This work addresses the ill-posed problem of inferring physical quantities in nonlinear conservation law systems from sparse or noisy observations by proposing the first Bayesian method that simultaneously enforces numerical conservation and provides structured uncertainty quantification. The approach embeds a conservative numerical scheme within a Gaussian process prior and leverages sparse approximation techniques to construct a scalable forward–inverse framework. In forward simulations, it preserves the accuracy of classical solvers while delivering principled uncertainty estimates; in inverse tasks, it reconstructs the full posterior distribution of nonparametric source terms with high precision in seconds—significantly outperforming neural network baselines that yield only point estimates and require several minutes of computation.

Nonlinear conservation laws are at the heart of many of the most important dynamical systems in science and engineering.
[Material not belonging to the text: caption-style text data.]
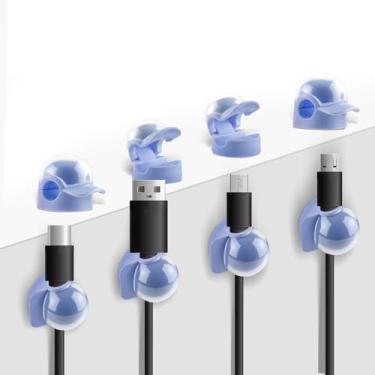 Imagem de Pacote com 8 organizadores de cabos, clipes de gerenciamento de cabos para mesa, suporte de fio adesivo para cabos de carregamento, clipes de cabo com mola para carregador de telefone, computador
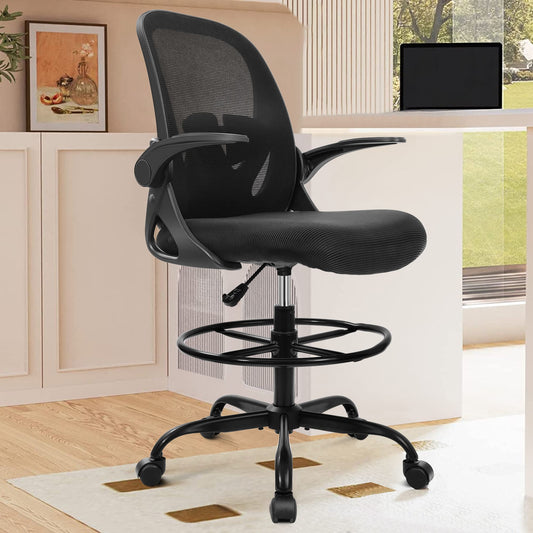 Ergonomischer Zeichenstuhl mit verstellbarem Fußring und hochklappbaren Armlehnen 934Z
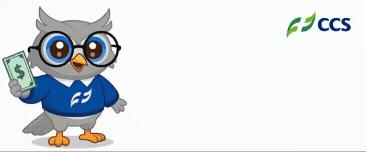 a cartoon owl with glasses holding a dollar bill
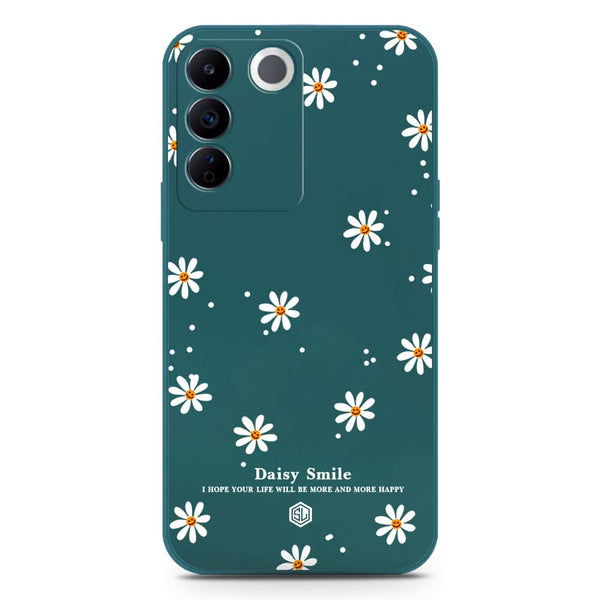 Daisy Smile Design Soft Phone Case - Silica Gel Case - Darkgreen - Vivo S16e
In practical applications, such systems are often subject to various sources of uncertainty, e.g. due to sparse or noisy measurements. Inferring physical quantities and fields of interest then becomes an ill-posed problem which both classical numerical methods and modern deep learning-based methods struggle to treat appropriately. Recent work has framed classical numerical methods as Bayesian inference under Gaussian process priors, resulting in a physics-aware treatment of uncertainties. Following this line of work, we develop a novel numerically conservative method for uncertainty-aware simulations of nonlinear conservation laws. We use recent sparse approximation techniques to scale up to large-scale forward and inverse problems. For forward simulation, we inherit the accuracy of classical solvers while providing structured uncertainty quantification. On inverse problems, we recover posteriors over nonparametric source fields in seconds -- outperforming neural baselines that take minutes to produce a less accurate point estimate.